Lizzie Hyland married Captain Adam Henry Fuller on 20 August 1845. They lived in Coleraine, King's County (County Offaly), and had five children: Adam Augustus Fuller (13 Jul 1846 - 7 June 1919), Maria Blanch Fuller (b. 18 Oct 1848), Eva Sophia Fuller (b. 28 Jan 1853), Lizzie Helen Fuller, and Adam Henry Fuller (14 Mar 1866 - 1898). In 1866 the family moved to Rockfield, where Adam Henry was born just after his father's death that same year.

Fuller, Abraham Augustus
Personne · 13 Jul 1846 - 7 June 1919

Abraham Augustus Fuller, the eldest son of Lizzy and Captain Adam Henry Fuller, was born 13 July 1846. He married Anna Maria, daughter of George Hearn of Merton, Sanford. They had no children. Anna Maria Fuller died in March 1905 at Woodfield House. He died 7 June 1919 at Frascati, Blackrock, County Dublin. Both buried at Mount Jerome Cemetery

Johnston, Maria Blanche Plunkett
Personne · 18 Oct 1848 - 10 Apr 1903

Maria Blanche Fuller, eldest daughter of Lizzy and Captain Adam Henry Fuller, was born 18 October 1848. She married Dalkeith Holmes Plunkett-Johnston MD at Clara Church in August 1874. They had two children, Charles Henry (1875-1900), and Constance Charlotte (13 Nov 1876 - 20 Jan 1959). Maria Blanche Plunkett-Johnston died on April 10, 1903 at her uncle Reverend Abraham Stritch Fuller’s house at 24 Leeson Park, Dublin. Her funeral was held the next morning at Mount Jerome Cemetery.

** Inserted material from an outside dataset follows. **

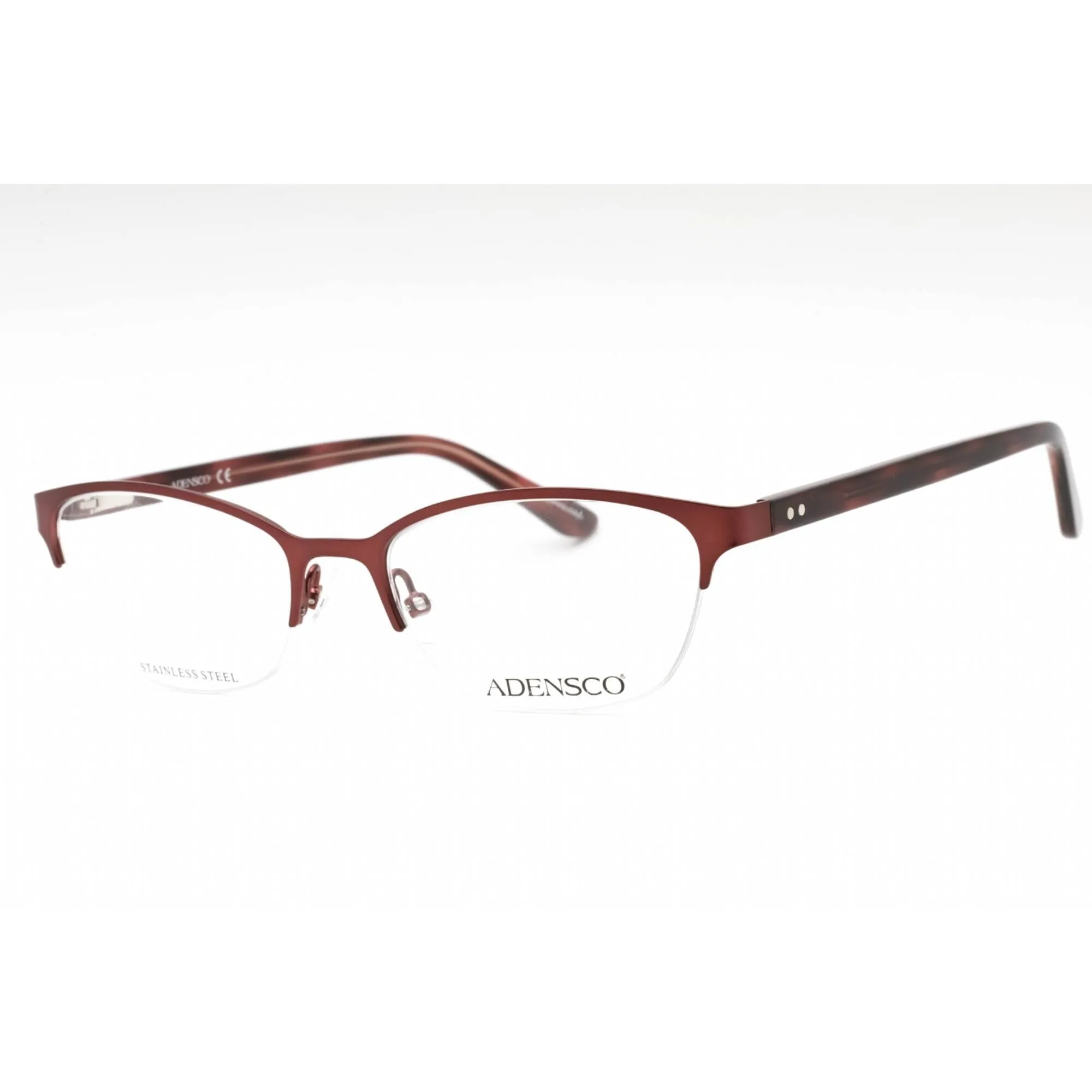 Adensco Women's Eyeglasses - Matte Plum Metal Oval Half Rim Frame | AD 238 0U7I 00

Lamb, Francis Adam Johnston, Reverend
Personne · 29 May 1905 - 19 Jun 1989

Francis Adam Johnston Lamb, eldest son of Francis William John Alexander Lamb (1874-1959) and Constance Charlotte Plunkett-Johnston (1876-1959), was born 29 May 1905 in Cardiff, Glamorgan, Wales. He inherrited Woodfield House, Clara Offaly, after the death of his parents in January of 1959. Canon Adam Lamb died 19 June 1989.

Fuller, Lizzie Helen
Personne · c. 1858

Lizzie Helen Fuller was the third daughter of Lizzy Hyland and Captain Adam Henry Fuller, was born between the years of 1853 and 1866.